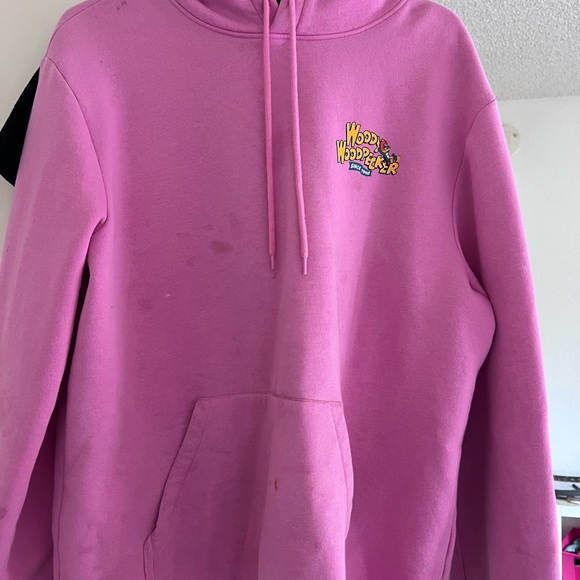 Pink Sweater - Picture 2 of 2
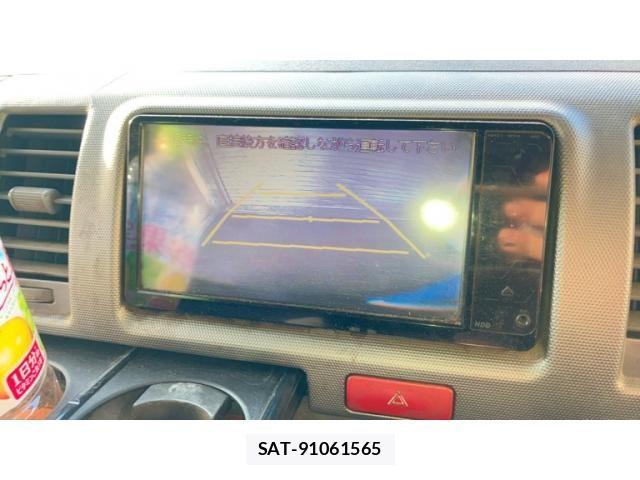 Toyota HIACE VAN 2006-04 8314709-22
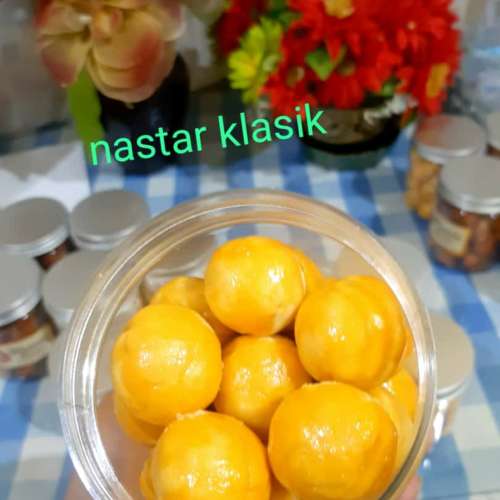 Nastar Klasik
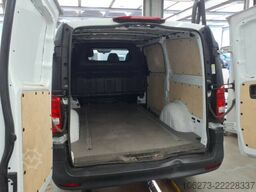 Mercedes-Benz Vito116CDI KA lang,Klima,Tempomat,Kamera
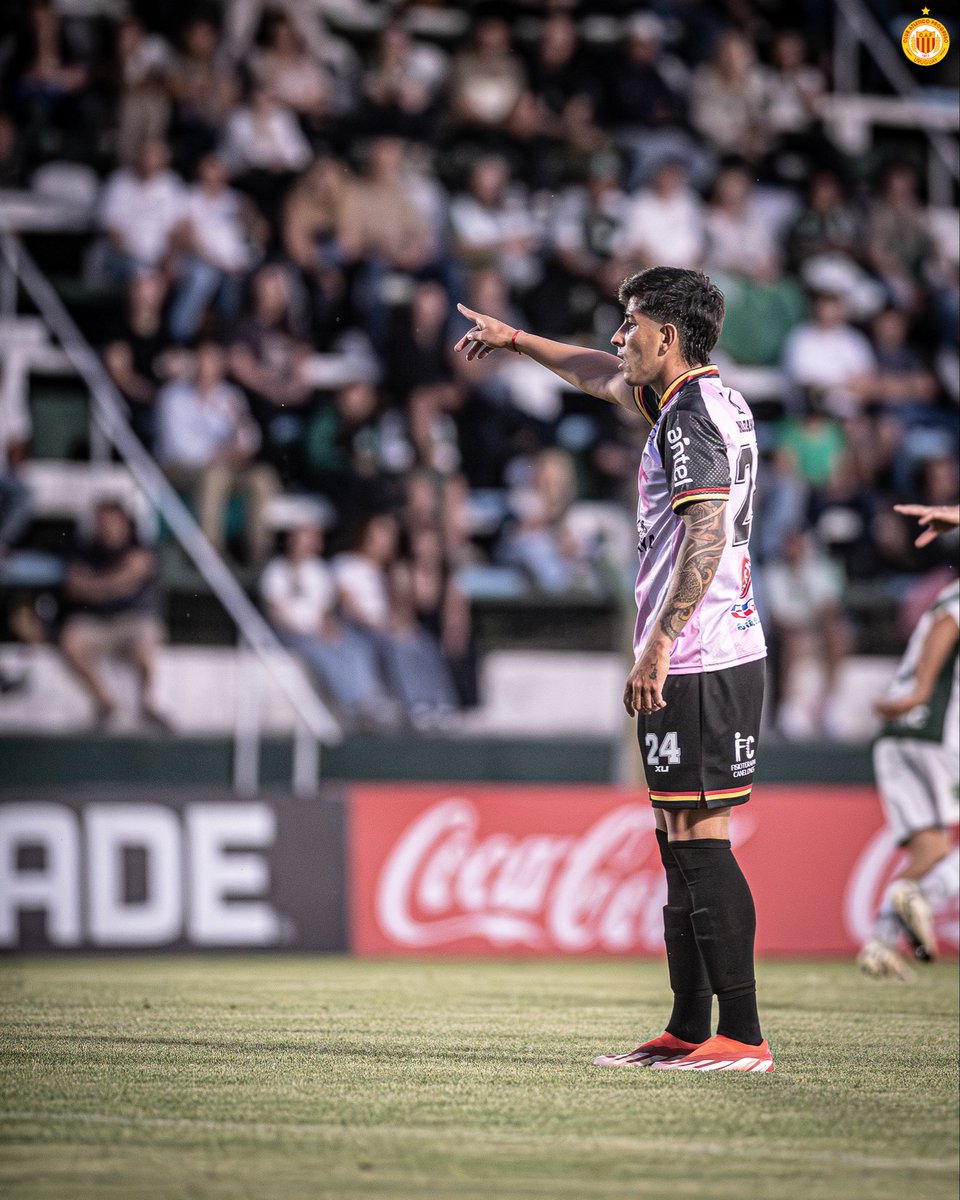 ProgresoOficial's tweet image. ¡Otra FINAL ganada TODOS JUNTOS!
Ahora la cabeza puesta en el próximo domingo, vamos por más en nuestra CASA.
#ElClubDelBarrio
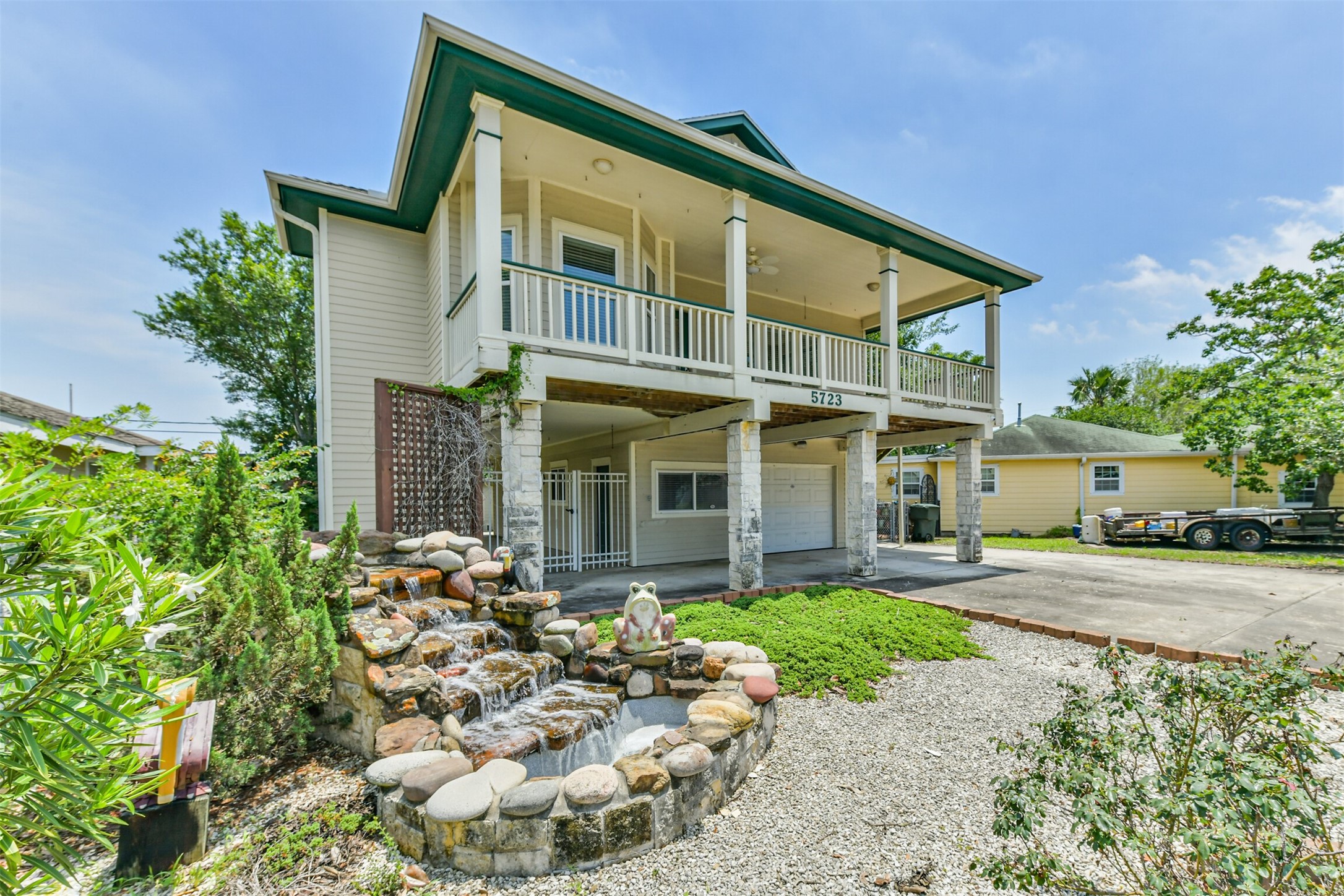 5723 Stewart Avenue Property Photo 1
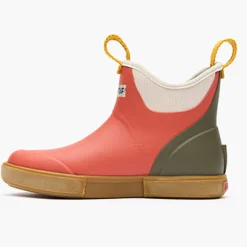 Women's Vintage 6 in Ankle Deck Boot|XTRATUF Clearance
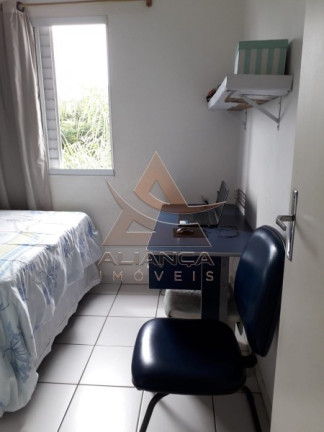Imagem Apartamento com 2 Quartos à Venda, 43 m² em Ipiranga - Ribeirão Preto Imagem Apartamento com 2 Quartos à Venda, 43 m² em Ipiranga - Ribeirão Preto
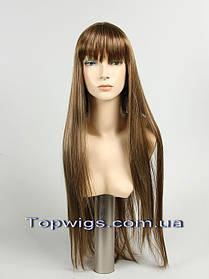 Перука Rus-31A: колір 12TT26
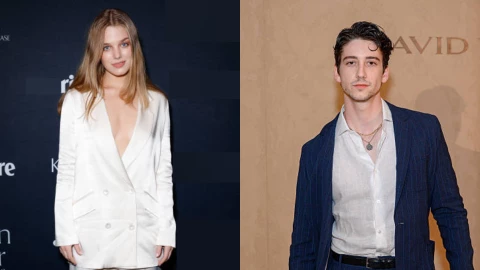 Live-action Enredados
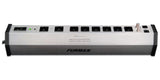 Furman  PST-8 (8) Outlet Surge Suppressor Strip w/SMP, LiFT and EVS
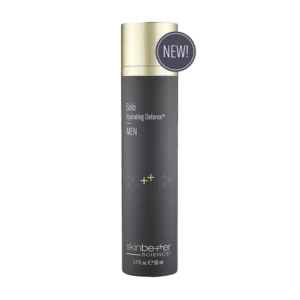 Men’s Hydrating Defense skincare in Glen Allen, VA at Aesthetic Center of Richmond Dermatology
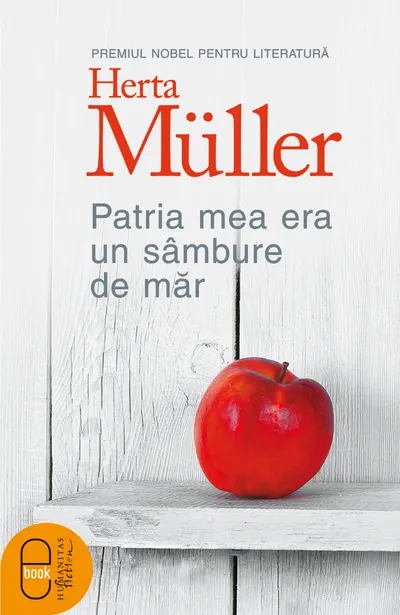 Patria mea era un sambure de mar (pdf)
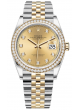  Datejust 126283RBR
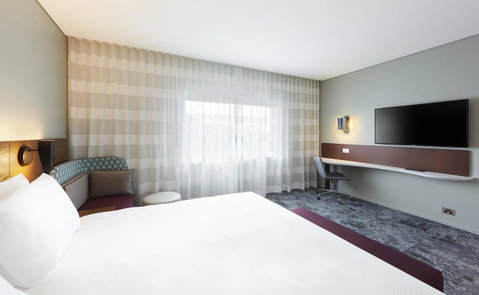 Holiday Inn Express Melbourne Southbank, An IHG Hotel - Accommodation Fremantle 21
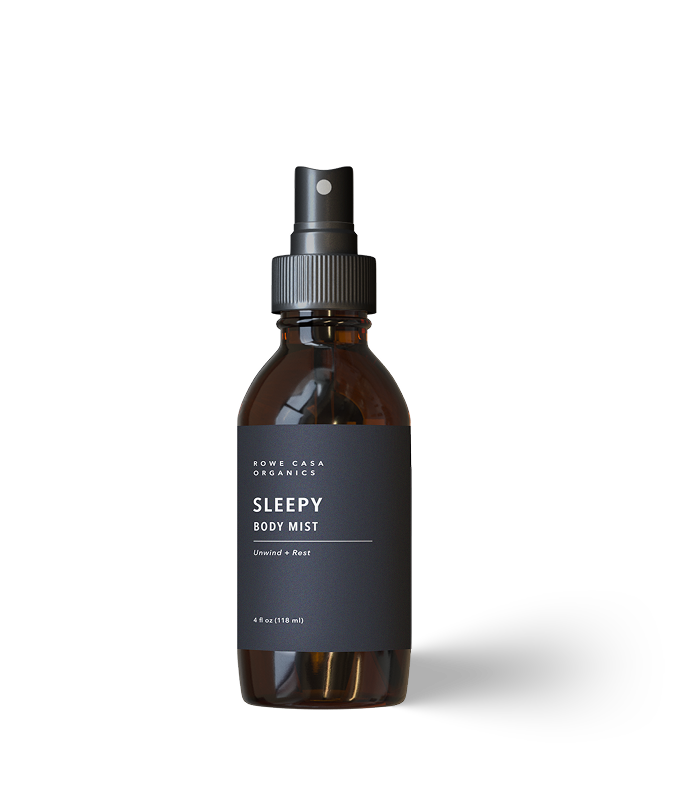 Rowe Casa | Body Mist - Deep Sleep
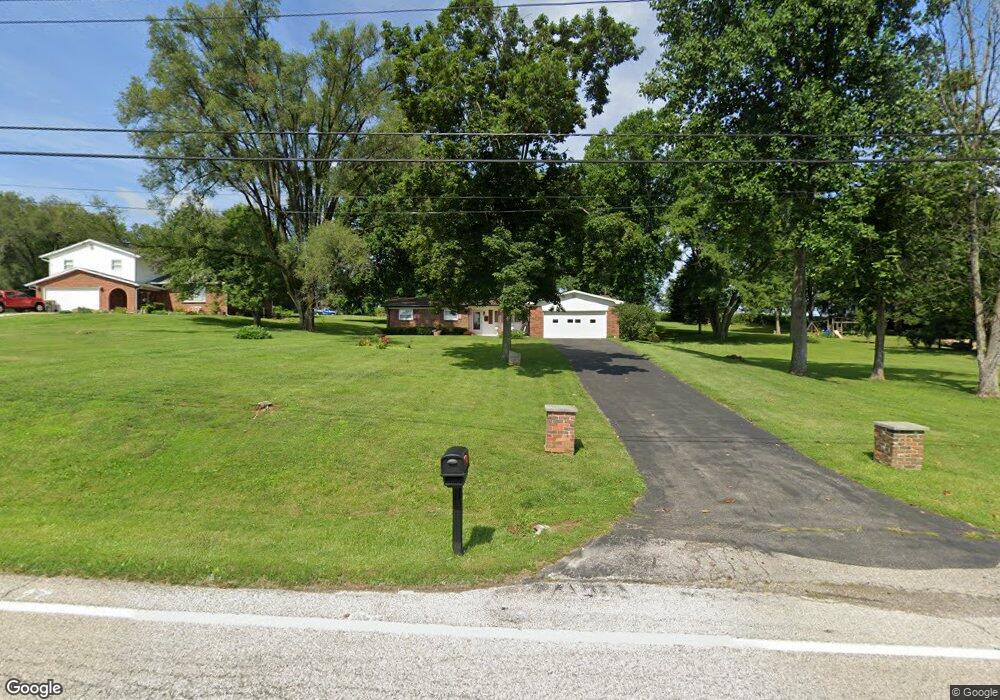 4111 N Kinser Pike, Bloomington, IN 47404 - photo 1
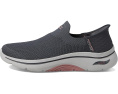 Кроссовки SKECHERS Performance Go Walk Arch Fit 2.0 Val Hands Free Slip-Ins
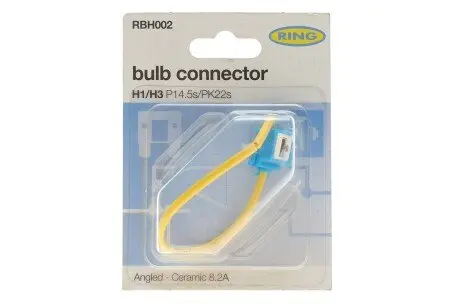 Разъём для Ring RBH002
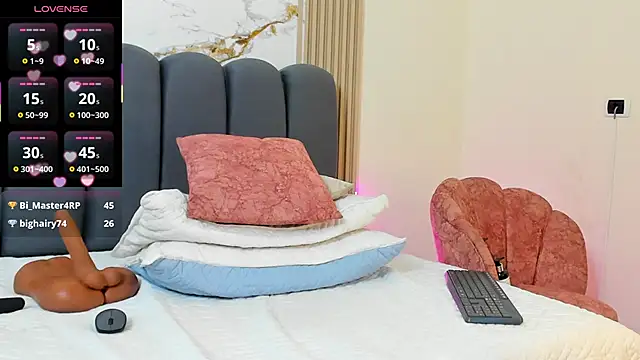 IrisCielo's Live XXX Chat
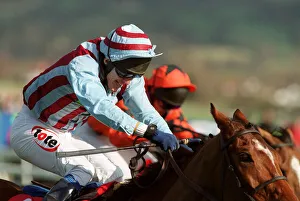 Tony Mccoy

* **ACTIVITY**
Print the data above verbatim from the first line through the line holding "Live-action Enredados", leaving every picture out.

* **EXPECTED OUTPUT**
 Pink Sweater - Picture 2 of 2
 Toyota HIACE VAN 2006-04 8314709-22
 Nastar Klasik
 Mercedes-Benz Vito116CDI KA lang,Klima,Tempomat,Kamera
 ProgresoOficial's tweet image. ¡Otra FINAL ganada TODOS JUNTOS!
Ahora la cabeza puesta en el próximo domingo, vamos por más en nuestra CASA.
#ElClubDelBarrio
 5723 Stewart Avenue Property Photo 1
 Women's Vintage 6 in Ankle Deck Boot|XTRATUF Clearance
Imagem Apartamento com 2 Quartos à Venda, 43 m² em Ipiranga - Ribeirão Preto Imagem Apartamento com 2 Quartos à Venda, 43 m² em Ipiranga - Ribeirão Preto
 Перука Rus-31A: колір 12TT26
 Live-action Enredados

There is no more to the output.